■ **WHAT THE EXERCISE ASKS**
Reproduce word for word every line of the entries below, from the line containing "Le texte musical" through the final line, and nothing else.

[Records drawn from a dataset]
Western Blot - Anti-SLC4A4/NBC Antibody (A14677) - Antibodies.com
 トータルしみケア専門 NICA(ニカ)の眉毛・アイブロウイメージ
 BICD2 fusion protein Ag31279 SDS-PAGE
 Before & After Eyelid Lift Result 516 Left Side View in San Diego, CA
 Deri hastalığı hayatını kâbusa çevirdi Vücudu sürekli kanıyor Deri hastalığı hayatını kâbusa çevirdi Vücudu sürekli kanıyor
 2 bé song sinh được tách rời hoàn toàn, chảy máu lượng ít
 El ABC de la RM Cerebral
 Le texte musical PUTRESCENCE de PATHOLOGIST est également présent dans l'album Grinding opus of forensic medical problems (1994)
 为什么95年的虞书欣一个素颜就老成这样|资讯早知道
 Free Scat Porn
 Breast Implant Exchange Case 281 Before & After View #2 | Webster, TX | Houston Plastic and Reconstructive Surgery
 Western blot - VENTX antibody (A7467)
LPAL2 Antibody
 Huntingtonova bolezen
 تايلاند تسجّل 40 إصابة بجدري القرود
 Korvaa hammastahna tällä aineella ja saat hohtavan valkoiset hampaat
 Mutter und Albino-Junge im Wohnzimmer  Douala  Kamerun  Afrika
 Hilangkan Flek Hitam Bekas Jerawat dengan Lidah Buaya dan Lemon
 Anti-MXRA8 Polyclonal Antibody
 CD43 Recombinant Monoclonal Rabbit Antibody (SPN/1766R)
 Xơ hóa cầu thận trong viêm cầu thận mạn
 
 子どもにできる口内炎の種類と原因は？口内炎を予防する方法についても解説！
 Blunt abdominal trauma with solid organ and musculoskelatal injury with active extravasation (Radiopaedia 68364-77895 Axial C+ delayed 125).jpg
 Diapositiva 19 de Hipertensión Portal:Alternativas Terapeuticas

■ **ANSWER FOR THE TASK**
 Le texte musical PUTRESCENCE de PATHOLOGIST est également présent dans l'album Grinding opus of forensic medical problems (1994)
 为什么95年的虞书欣一个素颜就老成这样|资讯早知道
 Free Scat Porn
 Breast Implant Exchange Case 281 Before & After View #2 | Webster, TX | Houston Plastic and Reconstructive Surgery
 Western blot - VENTX antibody (A7467)
LPAL2 Antibody
 Huntingtonova bolezen
 تايلاند تسجّل 40 إصابة بجدري القرود
 Korvaa hammastahna tällä aineella ja saat hohtavan valkoiset hampaat
 Mutter und Albino-Junge im Wohnzimmer  Douala  Kamerun  Afrika
 Hilangkan Flek Hitam Bekas Jerawat dengan Lidah Buaya dan Lemon
 Anti-MXRA8 Polyclonal Antibody
 CD43 Recombinant Monoclonal Rabbit Antibody (SPN/1766R)
 Xơ hóa cầu thận trong viêm cầu thận mạn
 
 子どもにできる口内炎の種類と原因は？口内炎を予防する方法についても解説！
 Blunt abdominal trauma with solid organ and musculoskelatal injury with active extravasation (Radiopaedia 68364-77895 Axial C+ delayed 125).jpg
 Diapositiva 19 de Hipertensión Portal:Alternativas Terapeuticas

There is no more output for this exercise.